## WORK ITEM
Repeat only the lines below that run from the line with "Black Embroidered Velvet" to the line with "Enunciado: PROBLEMA 4", ends included; skip every picture.

## SUPPLIED INFORMATION
= Beginning of Section =

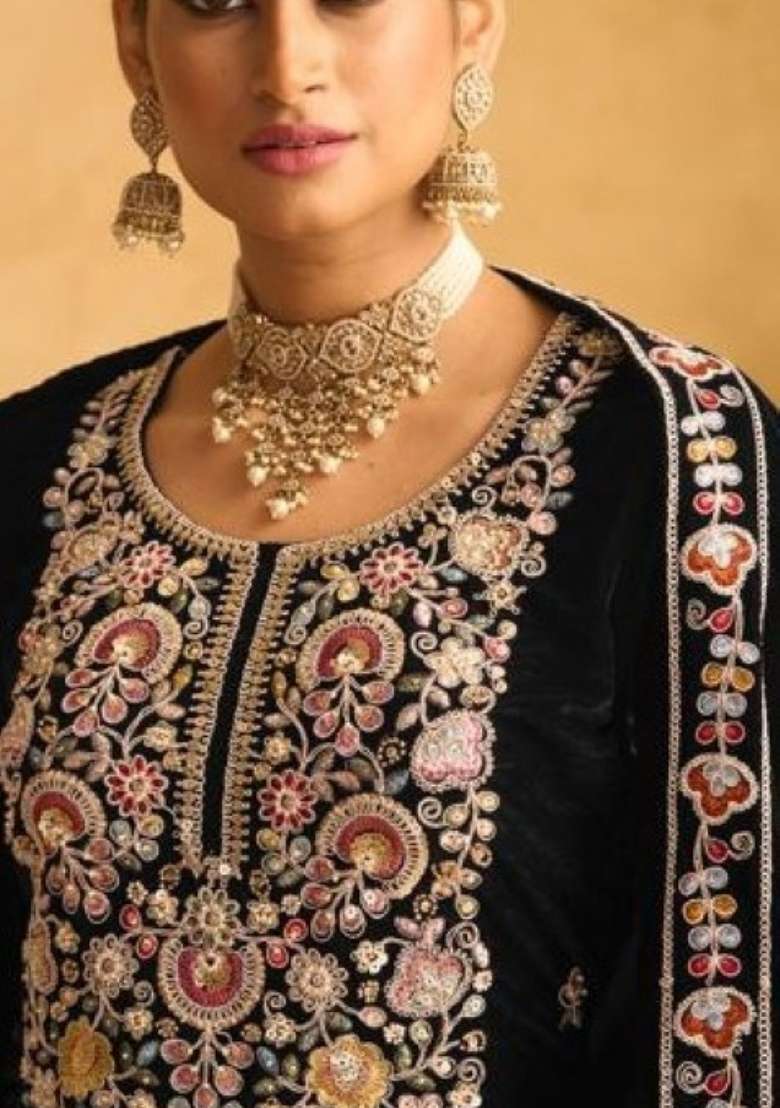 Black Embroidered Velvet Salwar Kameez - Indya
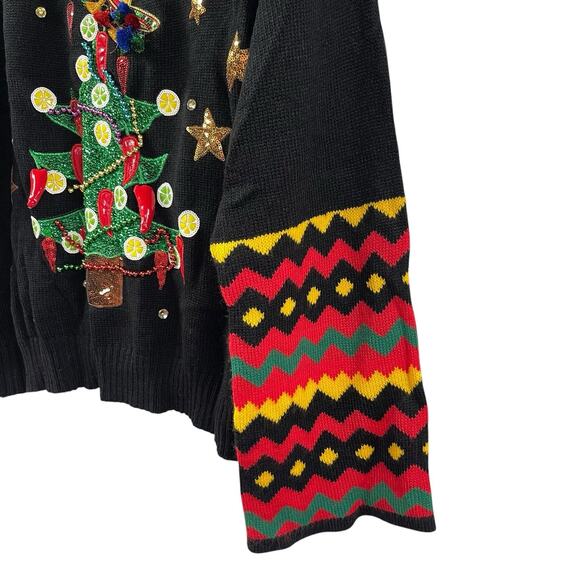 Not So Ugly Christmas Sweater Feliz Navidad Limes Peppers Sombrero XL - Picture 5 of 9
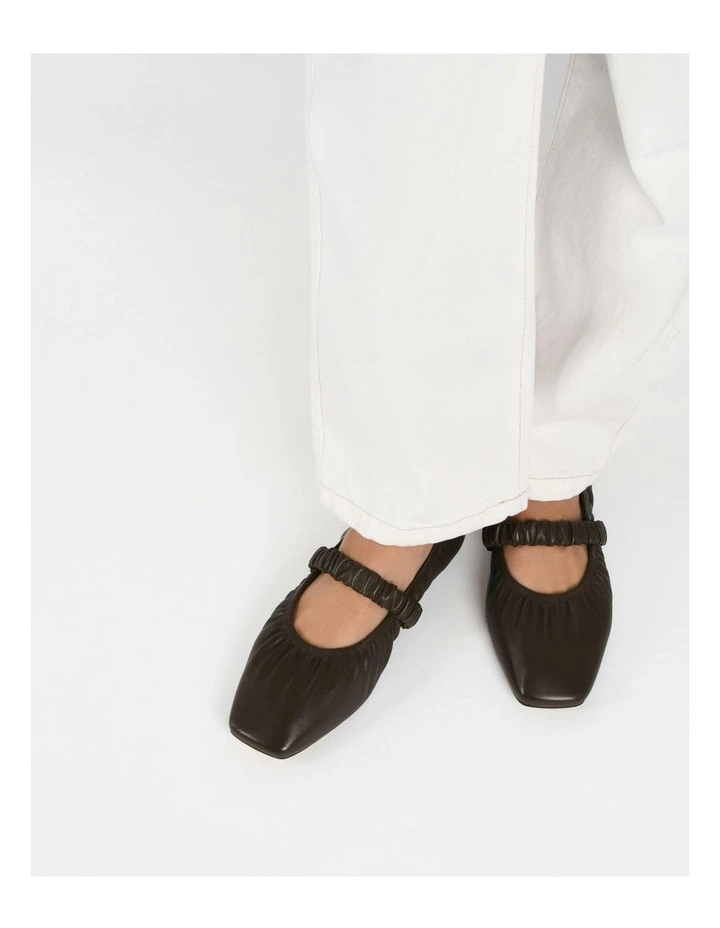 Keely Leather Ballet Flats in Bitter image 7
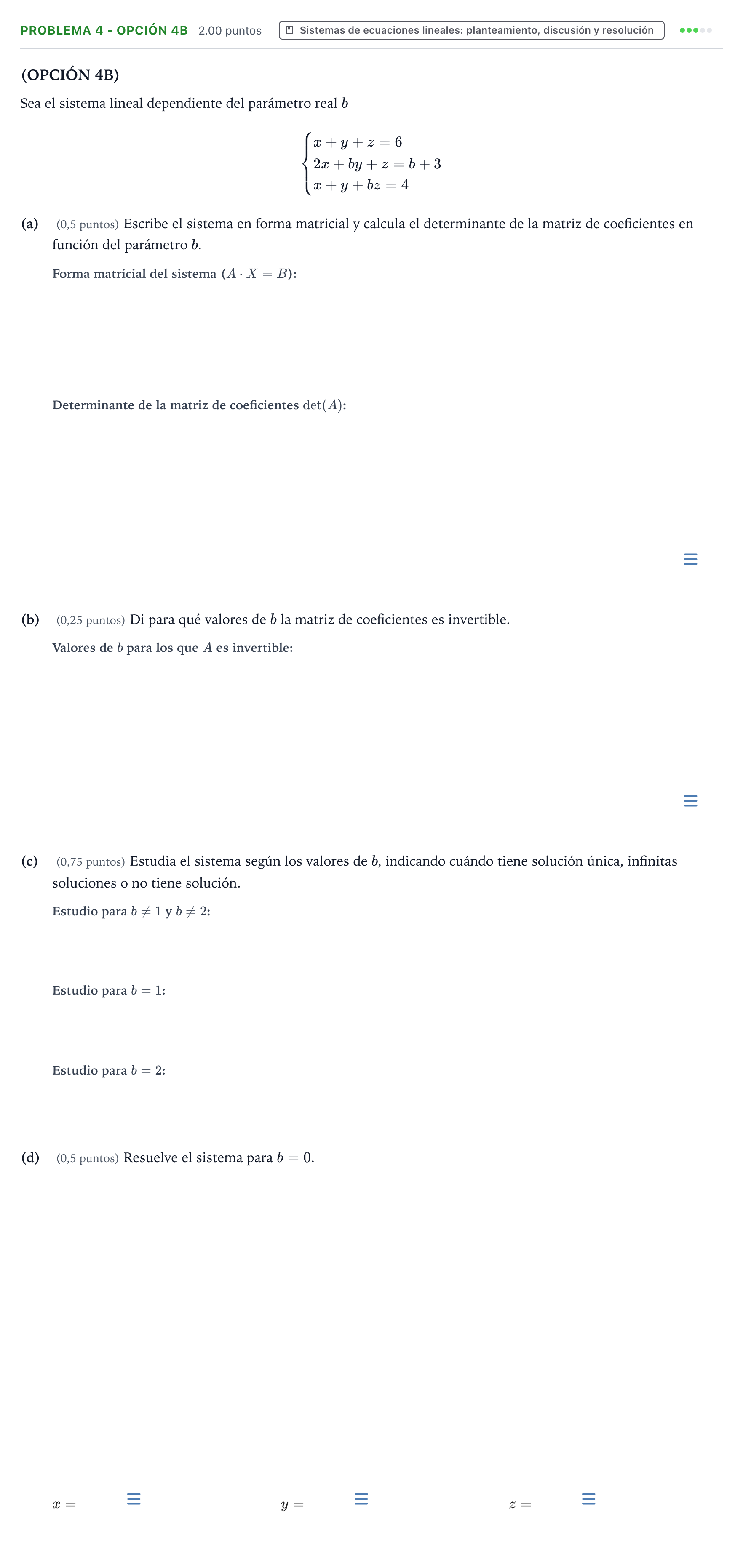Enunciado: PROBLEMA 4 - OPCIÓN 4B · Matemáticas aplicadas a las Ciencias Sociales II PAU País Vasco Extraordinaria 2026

= End of Section =
= Beginning of Section =

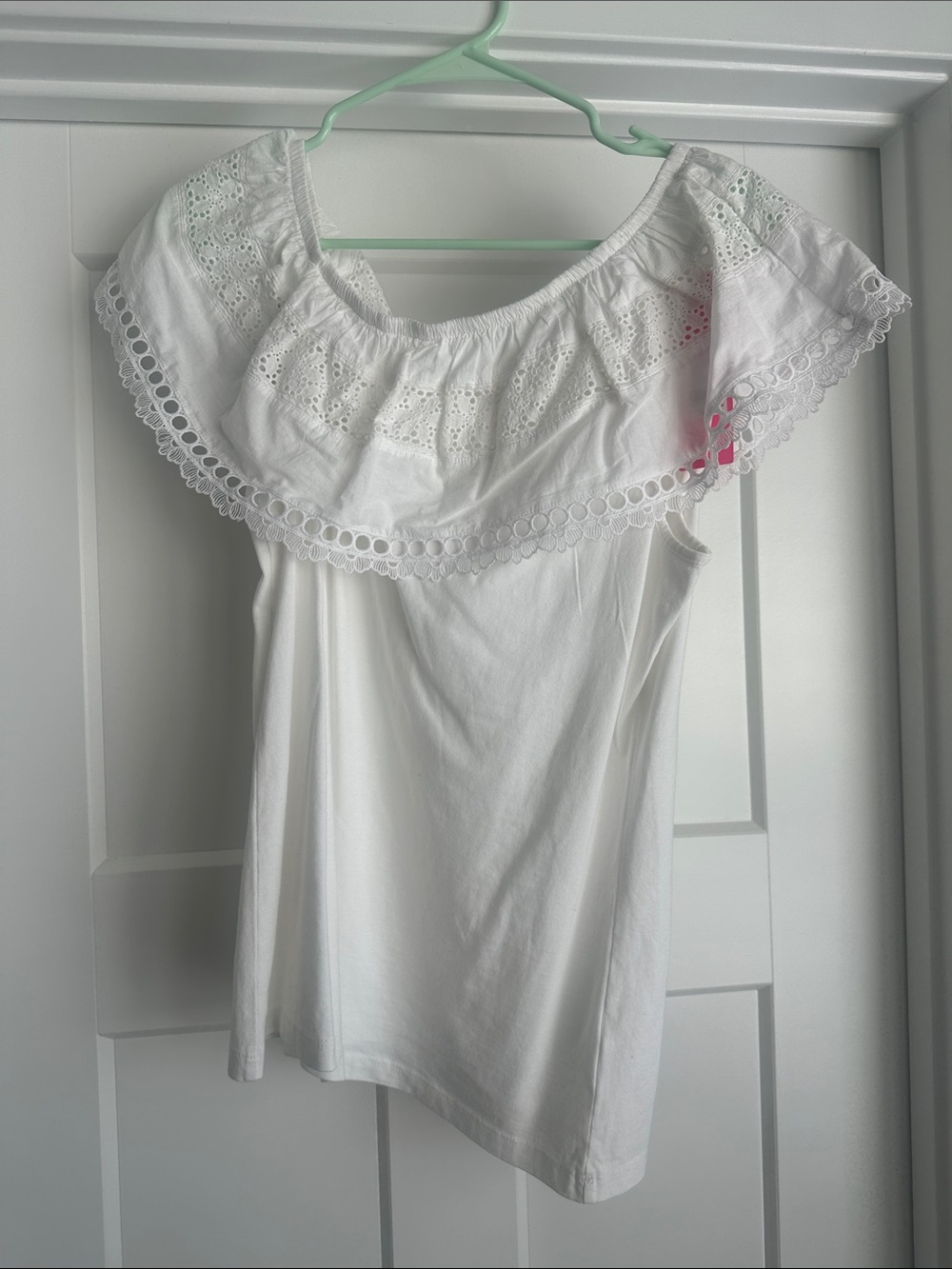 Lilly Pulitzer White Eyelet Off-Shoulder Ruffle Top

= End of Section =

## EXPECTED ANSWER
 Black Embroidered Velvet Salwar Kameez - Indya
 Not So Ugly Christmas Sweater Feliz Navidad Limes Peppers Sombrero XL - Picture 5 of 9
 Keely Leather Ballet Flats in Bitter image 7
Enunciado: PROBLEMA 4 - OPCIÓN 4B · Matemáticas aplicadas a las Ciencias Sociales II PAU País Vasco Extraordinaria 2026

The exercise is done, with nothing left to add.